We examine three choices:

\[ a_1 = 1, \quad a_2 = 5, \quad a_3 = 10 \]

Interpretation:

  • Smaller \(a\) \(\rightarrow\) more diffuse prior on variance
  • Larger \(a\) \(\rightarrow\) stronger prior belief (more concentrated)

This lets us evaluate prior sensitivity by comparing posterior summaries under different \(a\) values.

Gibbs Sampler

We use Gibbs sampling to generate posterior samples.

Algorithm:

Initialize parameters.

For \(t=1,\ldots,T\):

  1. \[ \theta^{(t)} \sim p(\theta\mid \sigma^2,y) \]

  2. \[ \sigma^{2(t)} \sim p(\sigma^2\mid \theta,y) \]

Case 2 additionally samples:

  1. \(\sigma_0^2\)

  2. \(\beta\)

We run:

  • 10,000 iterations
  • 2,000 burn-in

MCMC Diagnostics

Takeaway: stable trace + approximately normal posterior near 1.8 mm.
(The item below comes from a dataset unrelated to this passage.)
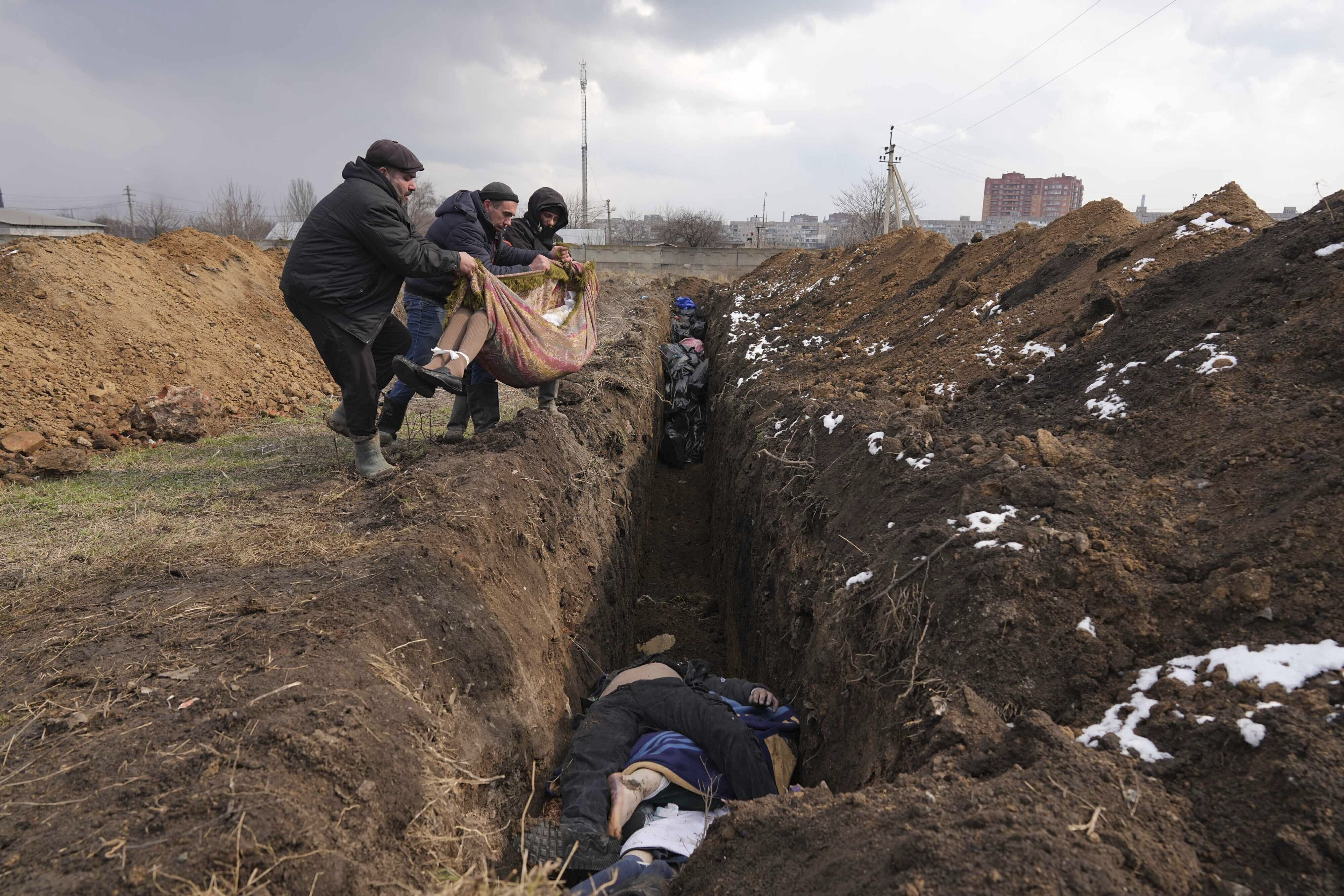Cadáveres siendo arrojados a una fosa común en las afueras de Mariúpol, Ucrania (AP Foto/Evgeniy Maloletka)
MCMC Diagnostics (Interpretation)

  • Trace plot: fluctuates around a stable mean with no visible trend/drift \(\rightarrow\) good mixing/convergence.
  • Posterior distribution: \(\theta\) is approximately normal, centered around ~1.8 mm (close to the sample mean).
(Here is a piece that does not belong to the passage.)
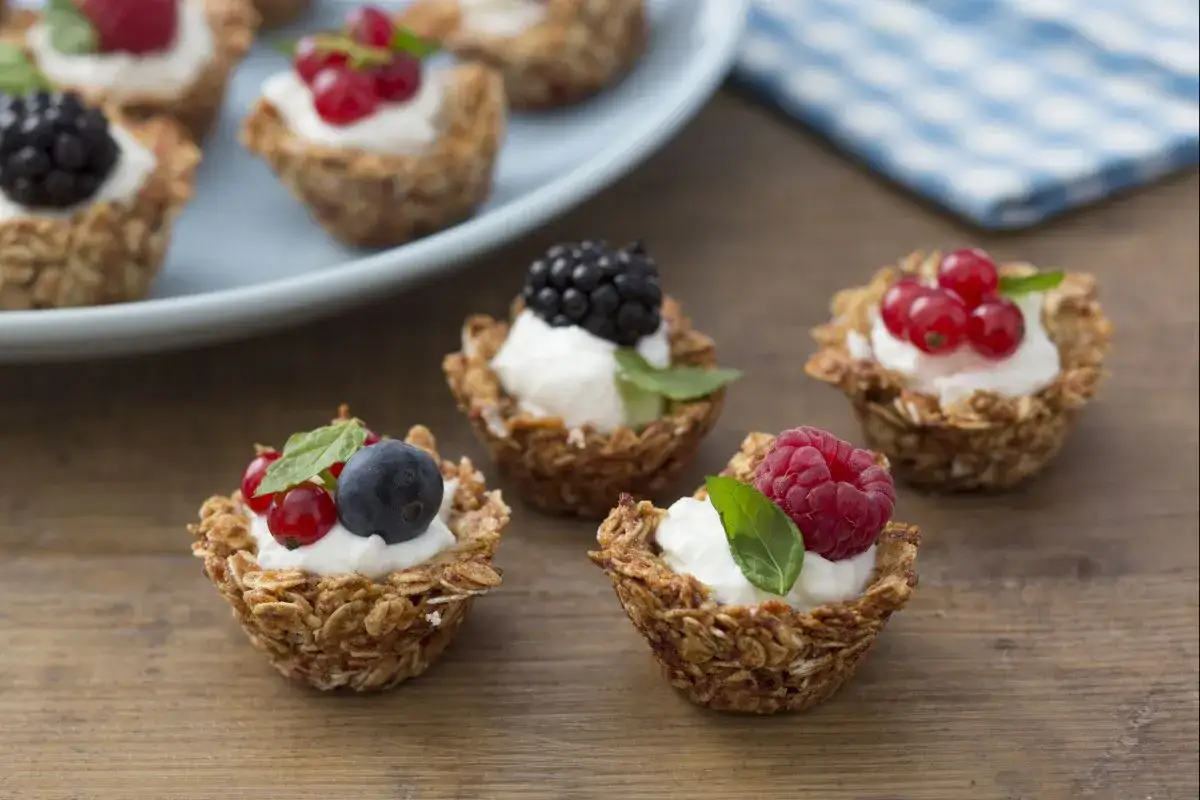 Deliciosas tartas de frutas saludables con base de granola y crema, coronadas con frambuesas, moras, ar&aacute;ndanos y grosellas.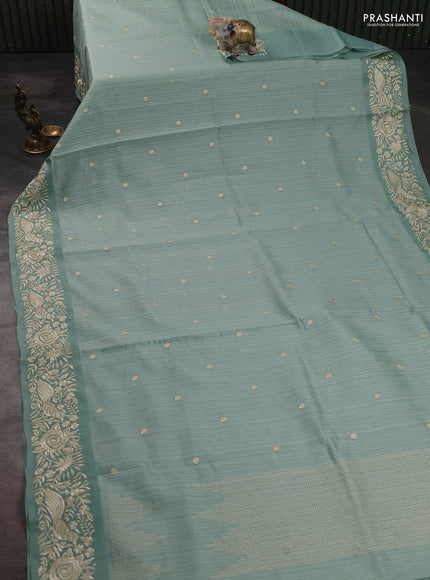 Jute silk saree pastel green with embroidery buttas and parsi embroidery border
These diagnostics indicate the Gibbs sampler successfully approximates the posterior distribution.

Posterior Results

Case 2 prior sensitivity (varying \(a\)):

a E(theta|y) 2.5% 97.5% E(sigma^2|y)
1 1.804 1.687 1.920 0.0309
5 1.806 1.591 2.019 0.1080
10 1.807 1.472 2.152 0.2700
  • \(\theta\) is stable across \(a\) (mean \(\approx 1.805\); intervals overlap) \(\rightarrow\) mean inference is robust.
  • \(\sigma^2\) is sensitive to \(a\) (larger \(a\) \(\rightarrow\) larger \(E(\sigma^2\mid y)\) and wider intervals).

Conclusion

Answer to the problem: the population mean midge wing length is about 1.80 mm.
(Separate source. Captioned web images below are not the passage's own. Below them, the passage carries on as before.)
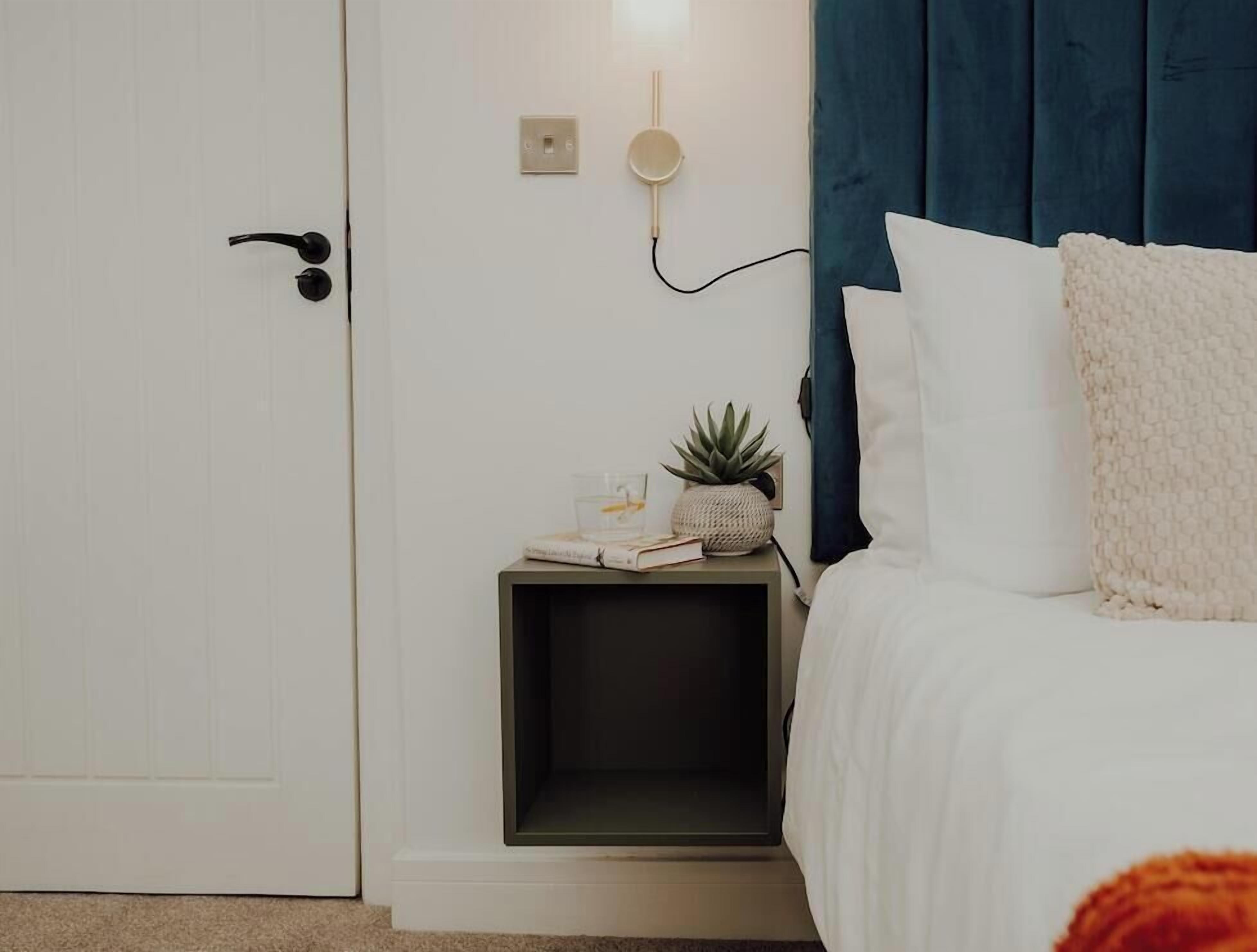 A bedroom with a bed, a bedside table, a nightstand, a wall-mounted lamp, and a door.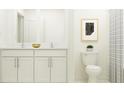 Bright bathroom featuring a toilet, double vanity, and modern art at 17573 Happytrails St, Land O Lakes, FL 34638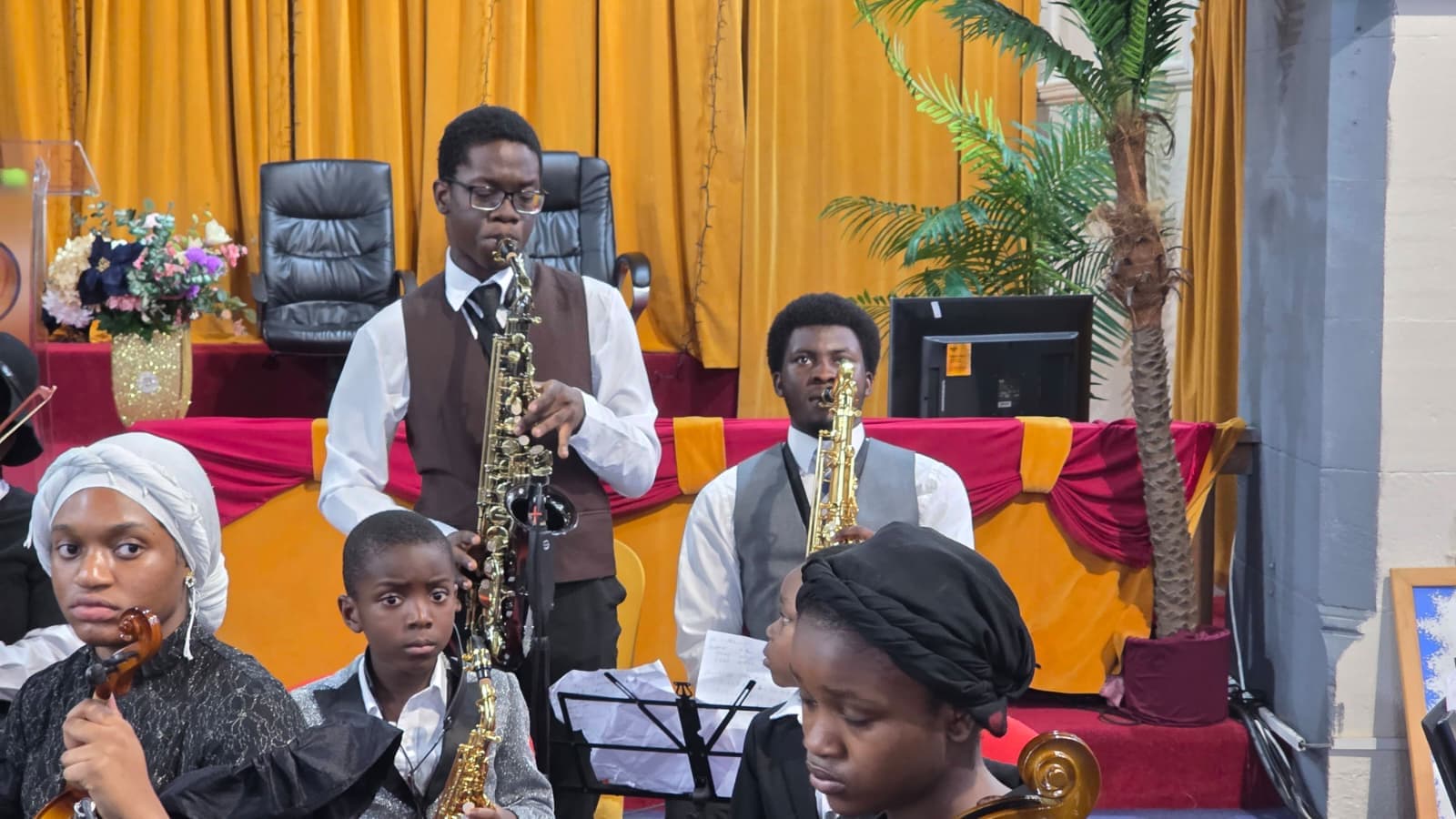 Davito Musicals students playing saxophone in an ensemble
  • Posterior mean of \(\theta\): \(\approx 1.805\) mm (robust across \(a=1,5,10\))
  • Uncertainty: 95% credible intervals overlap across hyperparameter choices
  • Variance inference: \(E(\sigma^2\mid y)\) changes noticeably with \(a\) \(\rightarrow\) variance is more prior-sensitive in Case 2

Overall: Bayesian modeling + Gibbs sampling gave a principled estimate of typical wing length while quantifying uncertainty and checking sensitivity to prior assumptions.